A Powerful Cultural Connection Through One Simple Dish
Have you ever cooked a dish so good that it transported you to another place and time? For me, that dish is Sopa de Conchas. Every time I make it, I’m whisked away to my mom’s kitchen, where she would cook up a huge batch every week. Even now, decades later, her cooking still brings comfort and happiness to my family. What is it about food that can create such powerful connections across generations and cultures? I believe it has something to do with the way we use food to celebrate our shared traditions and heritage. Because of that cultural connection, I make a point to appreciate this dish every single time I make it for my kiddos.

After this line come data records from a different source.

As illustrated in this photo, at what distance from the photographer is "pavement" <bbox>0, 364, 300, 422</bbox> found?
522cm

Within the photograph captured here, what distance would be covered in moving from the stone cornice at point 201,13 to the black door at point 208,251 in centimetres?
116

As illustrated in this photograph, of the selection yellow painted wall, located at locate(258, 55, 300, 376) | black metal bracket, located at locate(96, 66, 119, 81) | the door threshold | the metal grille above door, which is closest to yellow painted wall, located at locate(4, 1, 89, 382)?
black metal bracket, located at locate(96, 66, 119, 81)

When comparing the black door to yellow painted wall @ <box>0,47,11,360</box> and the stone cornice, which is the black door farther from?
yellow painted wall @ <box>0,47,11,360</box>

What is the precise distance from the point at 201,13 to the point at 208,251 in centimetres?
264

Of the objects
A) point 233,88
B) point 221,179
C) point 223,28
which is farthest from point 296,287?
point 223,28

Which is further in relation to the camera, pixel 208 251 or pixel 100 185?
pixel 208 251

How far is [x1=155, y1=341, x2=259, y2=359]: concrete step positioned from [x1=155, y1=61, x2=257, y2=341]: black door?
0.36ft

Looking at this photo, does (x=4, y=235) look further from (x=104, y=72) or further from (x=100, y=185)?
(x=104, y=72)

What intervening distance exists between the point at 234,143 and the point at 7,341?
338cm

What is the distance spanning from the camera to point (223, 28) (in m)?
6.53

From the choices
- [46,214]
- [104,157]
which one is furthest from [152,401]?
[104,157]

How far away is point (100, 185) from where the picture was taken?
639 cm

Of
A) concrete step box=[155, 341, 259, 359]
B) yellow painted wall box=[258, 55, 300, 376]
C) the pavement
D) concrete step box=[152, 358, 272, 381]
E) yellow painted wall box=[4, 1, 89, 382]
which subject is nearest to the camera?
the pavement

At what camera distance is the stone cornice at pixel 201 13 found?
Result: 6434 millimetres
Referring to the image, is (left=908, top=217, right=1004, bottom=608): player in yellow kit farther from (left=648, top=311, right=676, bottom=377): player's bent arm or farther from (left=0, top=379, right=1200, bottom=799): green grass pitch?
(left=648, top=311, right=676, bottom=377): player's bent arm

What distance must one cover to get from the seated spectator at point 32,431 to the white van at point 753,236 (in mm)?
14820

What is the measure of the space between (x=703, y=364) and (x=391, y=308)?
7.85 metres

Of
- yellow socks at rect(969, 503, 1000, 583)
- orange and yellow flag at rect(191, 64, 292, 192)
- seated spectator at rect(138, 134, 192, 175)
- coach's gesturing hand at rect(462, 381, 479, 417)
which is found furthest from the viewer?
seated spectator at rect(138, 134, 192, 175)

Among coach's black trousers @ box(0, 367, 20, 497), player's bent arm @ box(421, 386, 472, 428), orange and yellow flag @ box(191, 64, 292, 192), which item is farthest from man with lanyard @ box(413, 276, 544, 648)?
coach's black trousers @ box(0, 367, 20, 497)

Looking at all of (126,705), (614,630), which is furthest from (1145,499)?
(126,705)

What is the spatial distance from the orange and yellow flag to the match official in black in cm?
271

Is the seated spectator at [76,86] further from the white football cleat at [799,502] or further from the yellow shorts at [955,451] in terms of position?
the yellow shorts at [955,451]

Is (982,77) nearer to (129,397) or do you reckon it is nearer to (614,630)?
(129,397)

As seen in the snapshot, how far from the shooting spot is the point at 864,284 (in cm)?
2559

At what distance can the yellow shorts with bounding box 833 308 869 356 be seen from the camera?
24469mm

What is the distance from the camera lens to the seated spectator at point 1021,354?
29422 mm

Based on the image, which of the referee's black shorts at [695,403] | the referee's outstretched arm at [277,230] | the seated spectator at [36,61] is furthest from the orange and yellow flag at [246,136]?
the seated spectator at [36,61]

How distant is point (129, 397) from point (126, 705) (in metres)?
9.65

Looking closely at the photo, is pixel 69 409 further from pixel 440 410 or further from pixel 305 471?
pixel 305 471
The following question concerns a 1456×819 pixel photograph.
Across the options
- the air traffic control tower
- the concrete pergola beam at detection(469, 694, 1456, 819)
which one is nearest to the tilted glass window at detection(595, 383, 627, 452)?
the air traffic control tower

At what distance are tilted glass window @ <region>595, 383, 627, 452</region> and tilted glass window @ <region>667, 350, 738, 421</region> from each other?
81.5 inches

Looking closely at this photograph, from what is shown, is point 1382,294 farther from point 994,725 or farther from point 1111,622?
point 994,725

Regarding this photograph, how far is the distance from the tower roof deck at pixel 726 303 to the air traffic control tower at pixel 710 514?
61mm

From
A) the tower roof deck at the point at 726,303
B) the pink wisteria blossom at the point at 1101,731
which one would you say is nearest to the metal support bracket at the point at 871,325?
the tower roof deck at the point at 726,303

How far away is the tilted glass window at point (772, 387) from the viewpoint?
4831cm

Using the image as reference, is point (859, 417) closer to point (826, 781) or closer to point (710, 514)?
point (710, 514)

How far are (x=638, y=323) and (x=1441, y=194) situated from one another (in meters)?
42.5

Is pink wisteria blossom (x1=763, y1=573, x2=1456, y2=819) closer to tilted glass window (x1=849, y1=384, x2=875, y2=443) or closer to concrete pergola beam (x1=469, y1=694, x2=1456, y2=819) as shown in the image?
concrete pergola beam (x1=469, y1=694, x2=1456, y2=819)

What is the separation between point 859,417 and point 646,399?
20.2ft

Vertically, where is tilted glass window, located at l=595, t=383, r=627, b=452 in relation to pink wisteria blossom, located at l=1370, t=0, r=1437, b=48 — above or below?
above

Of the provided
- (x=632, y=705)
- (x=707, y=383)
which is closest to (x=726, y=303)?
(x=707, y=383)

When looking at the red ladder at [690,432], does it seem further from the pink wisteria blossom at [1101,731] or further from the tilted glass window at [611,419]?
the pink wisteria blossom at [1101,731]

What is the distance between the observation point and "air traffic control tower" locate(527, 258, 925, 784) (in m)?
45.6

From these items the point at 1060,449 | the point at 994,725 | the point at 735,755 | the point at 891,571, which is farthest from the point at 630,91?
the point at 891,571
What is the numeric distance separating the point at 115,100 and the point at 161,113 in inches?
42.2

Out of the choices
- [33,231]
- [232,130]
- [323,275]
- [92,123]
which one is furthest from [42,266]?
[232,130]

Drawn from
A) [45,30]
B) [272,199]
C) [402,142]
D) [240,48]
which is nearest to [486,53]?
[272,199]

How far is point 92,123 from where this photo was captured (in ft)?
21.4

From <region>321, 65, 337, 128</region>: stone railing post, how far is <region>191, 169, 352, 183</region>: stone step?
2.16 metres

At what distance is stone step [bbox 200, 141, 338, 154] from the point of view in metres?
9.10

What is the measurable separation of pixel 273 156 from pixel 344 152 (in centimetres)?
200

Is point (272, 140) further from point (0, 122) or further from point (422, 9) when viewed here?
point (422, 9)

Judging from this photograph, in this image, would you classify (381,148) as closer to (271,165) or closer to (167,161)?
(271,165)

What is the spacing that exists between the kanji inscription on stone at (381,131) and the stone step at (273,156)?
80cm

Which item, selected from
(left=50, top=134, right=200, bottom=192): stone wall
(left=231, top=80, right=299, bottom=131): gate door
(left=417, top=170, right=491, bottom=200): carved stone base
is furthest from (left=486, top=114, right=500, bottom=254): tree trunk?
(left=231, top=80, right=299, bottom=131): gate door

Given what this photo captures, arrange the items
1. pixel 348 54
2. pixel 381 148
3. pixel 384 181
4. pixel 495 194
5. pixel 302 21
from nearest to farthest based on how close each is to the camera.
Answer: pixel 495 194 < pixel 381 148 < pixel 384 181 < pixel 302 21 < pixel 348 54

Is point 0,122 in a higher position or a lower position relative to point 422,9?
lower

When A Dish Slaps You Back To Your Childhood
If you’ve seen the movie Ratatouille, you surely remember the scene where Anton Ego loses his mind over Remy’s dish. I have the same experience each time I cook and eat my mom’s soup of conchitas (shells). It is THE dish I’ve carried with me throughout my life that equates to home and comfort.
Growing up in a lower- to middle-class family, we didn’t have much money to spend on food. Both of my parents worked as janitors for the school district, and they had a total of seven mouths to feed. Most nightly meals were Mexican picadillo, refried beans, rice, or a bowl of conchitas. It is the most simple dish, yet it comes with so much love and nourishment.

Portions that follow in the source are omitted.